Why “The World” Doesn’t Understand a Christ-Centered Relationship
It’s not #RelationshipTuesday yet, but some posts can’t wait! Being in a relationship when you;re doing things God’s way is one of the most refreshing, not saying that it’s not a challenge, because with EVERYTHING in life, there is a challenge, but it definitely makes things feel more refreshing and stress-free. You’re judgement is no longer clouded when you choose to do things God’s way vs. adapting to the ways of the society. This is why I solely understood Ciara and Russell Wilson’s relationship and recent engagement. But most, “the world,” they do not because they see and are doing things a different way.

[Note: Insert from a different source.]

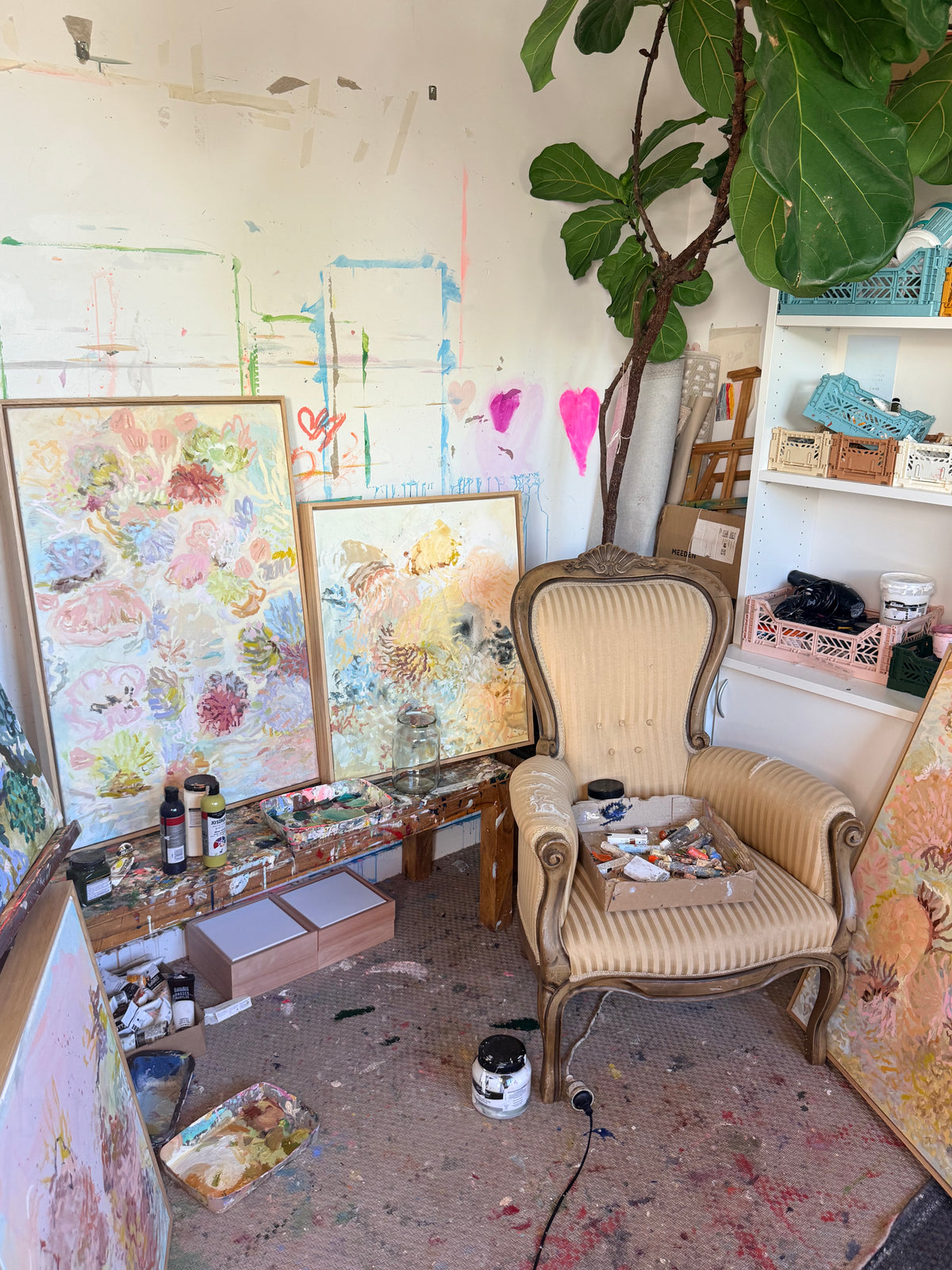 Beneath the Surface displayed with other FLOAT paintings beside an upholstered chair in Prudence De Marchi's studio.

So let’s dig deep into how society thinks. They are outsiders looking in who love to speculate because opinions are like butt-holes, everyone has one! I’m going to use Ciara and Russell’s relationship as an example because most know who they are and had their opinions. Before Ciara fell in love with Russell she had too long broke off her engagement with the father of her child Future. So already, “the world” is like “Well damn! She didn’t even have enough time to breathe before getting into something else, especially after coming from an engagement.”
This the first problem with society. They are so flawed with time. They put a time stamp on everything, and God doesn’t. People will say, well I at least have to stay at this job for six months to a year because it doesn’t look good on my resume when I jump around. Really!? So you rather settle for a job that is not for you or below you means and pass up on an opportunity that you love that pays more because you only been with one job for a month?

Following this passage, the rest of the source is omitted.